Pietro Belotti » Bit Torrent and multicast routing - Dept. of Industrial & Systems Engineering, Lehigh University

Bit Torrent and multicast routing

Bit Torrent is a protocol for downloading (typically large) files from the Web. For a given file that is being downloaded by several users, its principle is that of avoiding useless capacity occupation for each download by storing the file at intermediate nodes.

This principle clearly works with a particular type of traffic request: the same large file being requested by several nodes of the network $G=(V,E)$ . Under such assumption, the traffic model is different from the usual set of point-to-point demands we have seen in class for wired networks. This is more of a multicast demand, defined by a source s, and a set of destination nodes, $T\subseteq V\setminus\{s\}$ .

For a detailed description, check the Wikipedia entry. Each of the destination nodes requests the same file at different times, and receives chunks of that file in seemingly random order. A polite destination node keeps that chunk and sends it to other destination upon request. We’ll have to simplify that a bit in order to make it fit in the Optimization/simulation context.

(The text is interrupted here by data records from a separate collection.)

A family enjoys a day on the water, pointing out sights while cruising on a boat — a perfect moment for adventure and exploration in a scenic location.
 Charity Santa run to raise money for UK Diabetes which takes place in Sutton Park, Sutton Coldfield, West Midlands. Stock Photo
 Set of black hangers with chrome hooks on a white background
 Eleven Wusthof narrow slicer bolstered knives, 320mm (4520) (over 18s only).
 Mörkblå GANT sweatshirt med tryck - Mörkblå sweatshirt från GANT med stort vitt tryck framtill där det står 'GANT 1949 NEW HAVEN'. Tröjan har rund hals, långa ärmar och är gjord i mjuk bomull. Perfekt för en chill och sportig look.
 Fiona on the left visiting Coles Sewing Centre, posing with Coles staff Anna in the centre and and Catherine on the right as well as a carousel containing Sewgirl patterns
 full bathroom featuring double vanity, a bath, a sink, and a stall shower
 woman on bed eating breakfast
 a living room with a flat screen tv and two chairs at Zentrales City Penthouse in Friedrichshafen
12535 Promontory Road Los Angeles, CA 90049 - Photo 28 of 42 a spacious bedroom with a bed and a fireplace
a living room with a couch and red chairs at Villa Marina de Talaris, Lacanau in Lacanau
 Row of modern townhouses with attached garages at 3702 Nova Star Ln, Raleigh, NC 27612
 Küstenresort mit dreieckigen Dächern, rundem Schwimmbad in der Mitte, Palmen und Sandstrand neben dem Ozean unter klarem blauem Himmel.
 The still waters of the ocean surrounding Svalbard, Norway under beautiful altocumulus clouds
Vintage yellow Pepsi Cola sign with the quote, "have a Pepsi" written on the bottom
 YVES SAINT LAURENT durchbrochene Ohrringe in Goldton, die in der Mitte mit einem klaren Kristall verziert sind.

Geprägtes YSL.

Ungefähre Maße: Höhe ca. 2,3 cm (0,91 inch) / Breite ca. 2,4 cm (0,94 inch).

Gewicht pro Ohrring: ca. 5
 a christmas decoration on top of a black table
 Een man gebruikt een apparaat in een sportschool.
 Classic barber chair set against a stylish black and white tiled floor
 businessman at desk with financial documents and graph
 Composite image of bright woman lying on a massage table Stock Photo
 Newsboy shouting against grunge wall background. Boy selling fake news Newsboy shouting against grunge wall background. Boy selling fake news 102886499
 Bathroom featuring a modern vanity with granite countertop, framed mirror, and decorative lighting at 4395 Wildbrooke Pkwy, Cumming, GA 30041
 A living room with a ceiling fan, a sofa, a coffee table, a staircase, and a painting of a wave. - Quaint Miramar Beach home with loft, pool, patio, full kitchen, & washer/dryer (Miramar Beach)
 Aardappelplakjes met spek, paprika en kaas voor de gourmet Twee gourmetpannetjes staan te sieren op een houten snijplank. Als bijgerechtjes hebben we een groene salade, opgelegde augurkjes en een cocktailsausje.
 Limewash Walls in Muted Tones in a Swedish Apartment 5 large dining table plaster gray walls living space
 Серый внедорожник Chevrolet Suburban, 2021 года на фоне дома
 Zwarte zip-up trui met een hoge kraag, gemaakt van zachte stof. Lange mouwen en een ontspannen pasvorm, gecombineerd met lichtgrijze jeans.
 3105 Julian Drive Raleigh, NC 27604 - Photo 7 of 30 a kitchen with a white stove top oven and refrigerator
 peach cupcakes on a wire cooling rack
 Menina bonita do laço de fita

The problem, in our simplified version, is that of finding, for several source nodes and their corresponding sets of destination nodes, the subgraph structure that allows to send the full file to the source to each destination node while minimizing the total capacity occupation.

The input is:

A graph $G=(V,E)$ ;
A set of pairs $(s_k,T_k)$ for $k=1,2\ldots, K$ , where $s_k\in V$ and $T_k\subseteq V\setminus\{s_k\}$ ;
A given file size $M_k$ and request time $d_k$ for each demand $k=1,2\ldots, K$ ;
A constant download speed of $r$ for each file and a capacity of $c_{ij}$ for each arc $(i,j)\in A$ ;

The problem is that of finding the optimal multicast flow from each source, which have to begin at the given start time, to all its destination in order to minimize the maximum edge capacity occupation (i.e. congestion).

Data: consider the instance modeling the Atlanta backbone network. Capacities are the first number in the LINKS section, and should be ignored. For simplicity, only consider one demand for each node $i$ : the first demand whose source is $i$ in the DEMANDS section. All file sizes, i.e., demands, $M_k$ are expressed in Mb (and not Mb/s) and are again in the DEMANDS section. For each demand, the source is the node $i$ , while the set $T_k$ is the set of three nodes $(i + 4) \textrm{ mod } 15$ , $(i+8) \textrm{ mod } 15$ , and $(i+12) \textrm{ mod } 15$ .

All time frames $d_k$ are expressed in minutes and, as there is one demand $k$ for every source node $i$ , let $d_i = i\cdot10$ minutes. Finally, let $r = 1$ Mb/s.